Understanding the Different Types of Formatting
Word gives you such a wide variety of formatting that it’s easy to waste time by using the wrong ones for your needs. This section explains the different types of formatting and shows you the best and fastest way to use them.
Understanding Direct Formatting and When to Use It
Direct formatting is the kind of formatting that you can apply by using the controls on the Home tab of the Ribbon. For example, you can create a heading paragraph by changing to a different font, increasing the font size, changing the font color, giving it an “outdent” so that it sticks out into the margin, and increasing the line spacing. Figure 5-4 shows the controls you can use to make these changes.
Figure 5-4. You can apply direct formatting by using the controls on the Home tab of the Ribbon
Each part of this formatting is easy enough to apply—tap this button, tap that button, and then tap the other button—but it takes time. And if you need to create another heading of the same type, you need to do it all over again. Or you can copy and paste the formatted text and type the new heading over it (as many people do) or use the Paste Format feature to paste the formatting that you’ve copied from one heading onto the text for a new heading you’ve typed.

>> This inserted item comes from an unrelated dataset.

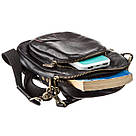 Чоловіча шкіряна сумка з двома знімними ручками SHVIGEL 19110 Чорна, фото 5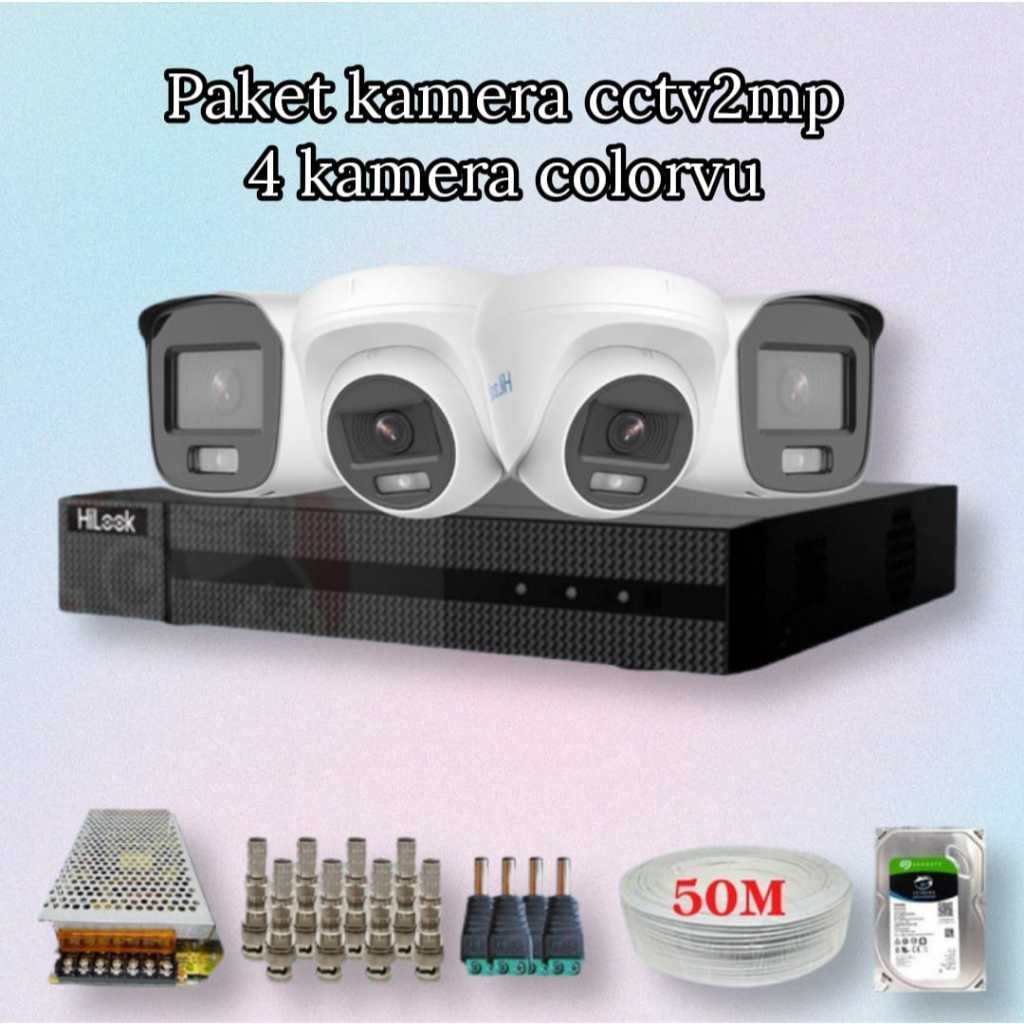 Paket Kamera CCTV hilook colorVU 4 kamera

Because direct formatting takes extra time and effort, you’ll do best to apply it only when you have formatted your documents almost completely using styles, which are discussed next.
Understanding Styles and When to Use Them
To save you from having to apply large amounts of formatting manually, Word includes a feature called styles. A style is a collection of formatting that you can apply all at once. On the iPad, you apply a style by tapping the Styles button on the Home tab of the Ribbon and then tapping the appropriate style on the Styles pop-up panel (see Figure 5-5).
Figure 5-5. You can format text or an object more quickly and consistently by applying a style from the Styles pop-up panel on the Home tab of the Ribbon
Word’s templates come with styles built in and ready for you to use. If you use a desktop version of Word, you can edit the styles in a template or document, or create new styles of your own, to make them suit your needs better. On Word for iPad, you can’t edit the existing styles or create new styles.
Note In the desktop versions of Word, styles enable you not only to apply formatting quickly and easily but also to change it quickly. You can switch among different sets of styles called Quick Styles to change the look of each paragraph to which you’ve applied one of the styles in the Quick Styles set. You can modify a style (for example, by changing the font or the indentation) and see Word implement the change immediately on each paragraph that uses the style. And you can use the Find and Replace feature to search for one style and replace it with another style. These capabilities are not available on Word for iPad at this writing.
UNDERSTANDING THE FIVE TYPES OF STYLES
Word uses five different types of styles. Word for iPad blurs the distinctions among the different types, but knowing about the different types can be helpful when you’re troubleshooting formatting issues, especially in the desktop versions of Word.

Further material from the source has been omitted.